The Delivery Lab for the protection of the ocean environment from illegal activities has identified ten initiatives to be implemented by 2019. It will facilitate the development and implementation of an overarching, integrated ocean governance framework through Marine Spatial Planning legislation. The Marine Protection Services and Governance Delivery Unit has been established for facilitating, coordinating and implementing of protection initiatives.
To foster the skills and take the oceans economy forward the South African International Maritime Institute has been established at the Nelson Mandela Metropolitan University.
Since the start of Operation Phakisa for the Oceans Economy a number of successes have been recorded across a range of areas. These include:
To ensure steady gains, government has over the last 12 months removed constraints which projects previously faced. It includes eliminating legislative uncertainty, dealing with lengthy bureaucratic authorisation, addressing delays in funding and the skills gaps.
The necessary funding to attract private sector investment and create jobs in the Oil and Gas sector has been committed. In the Port of Saldanha Bay government has partnered with business to invest R9.2 billion over the next five years to create an oil and gas hub. Work at the port has already commenced on an Offshore Supply Base.
Notable advances in the development of the country’s ports include a dry dock in Durban where water can be pumped out of the dock so that vessels are repaired in a dry area. The dry dock was opened in January this year at an investment of R43 million.
The country’s boat building sector offers strong job creation and growth potential. More than R350 million have been earmarked for boat building infrastructure in the ports of Durban and Cape Town.
Government is revitalising ports and harbours across the country. Un-proclaimed small harbours Port Nolloth, Boegoebaai, Hondeklipbaai, Port Alfred, Port Grosvenor, Hibberdene, Port St Johns, Cape St Francis, Port Shepstone and Port Edward have been identified for harbour infrastructure, marine and offshore aquaculture, small town precinct development and tourism.

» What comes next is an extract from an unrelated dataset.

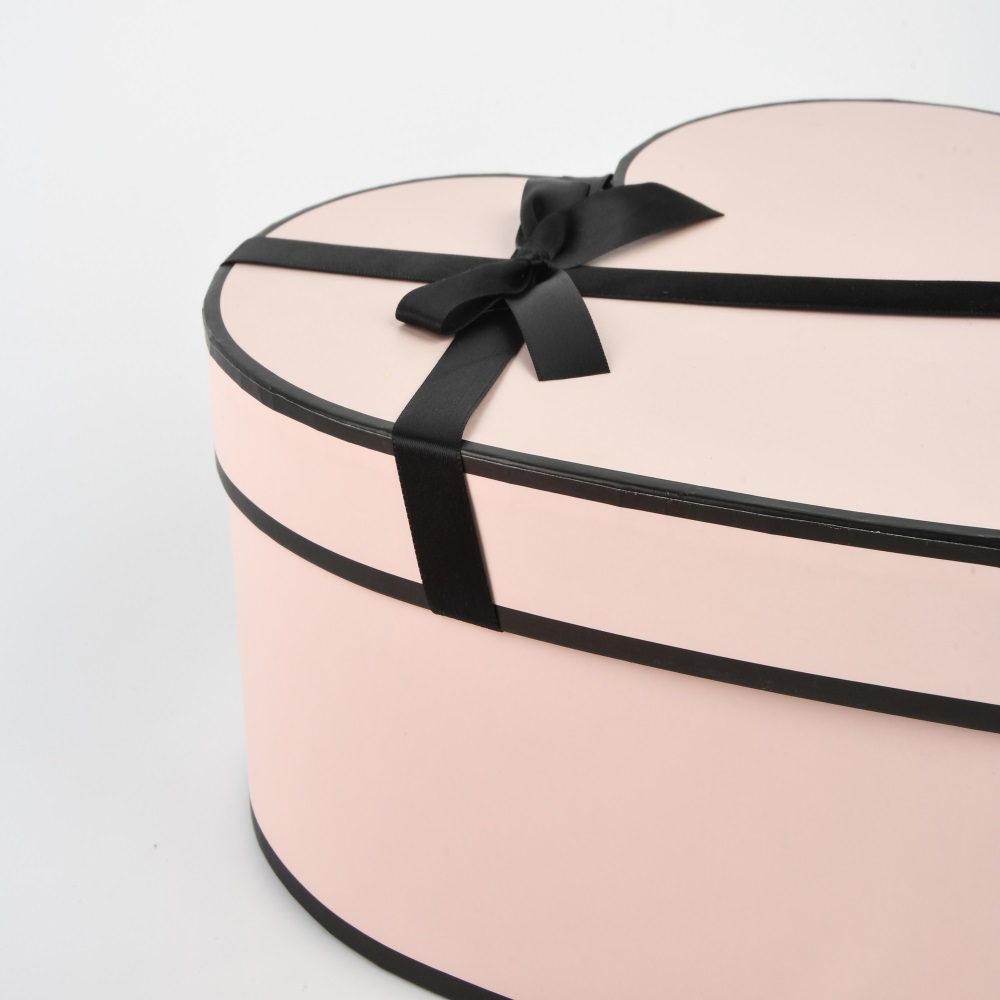 Flowers box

An investment of R80 million for the rehabilitation of fishing harbours in Saldanha Bay, Gans Bay, Struis Bay, Gordons Bay and Lamberts Bay is available. Three new harbours are being established in the Northern Cape, Eastern Cape and KwaZulu-Natal. This provides opportunities for local and rural economic development.
Aquaculture projects are supporting previously disadvantaged communities and rural economic development in coastal and inland communities.
The sector has attracted more than R400 million in investments from the private sector and government across ten aquaculture farms in the Eastern Cape, KwaZulu-Natal, Western Cape and Northern Cape.
A pipeline of 12 new aquaculture projects will sustain the sector’s growth, and 17 new aquaculture applications are currently being processed.
The Siyazama Aquaculture Cooperative in Hamburg in the Eastern Cape is an example of the sector’s potential. This year it sold its first harvest of fish to the Cape Town Fish Market at the Victoria & Alfred Waterfront in Cape Town.
- Quarterly briefings on the tangible outcomes demonstrating how Operation Phakisa is bridging the gap between policy and implementation in the Oceans Economy.
- Popularise Operation Phakisa targets in the Oceans Economy and create buy in by demonstrating how it translates to real benefits for the economy.
- Direct young people particularly those in inland provinces to career opportunities in oceans economy industries.
- Popularise opportunities in new industries such as aquaculture particularly among rural and previously disadvantaged communities.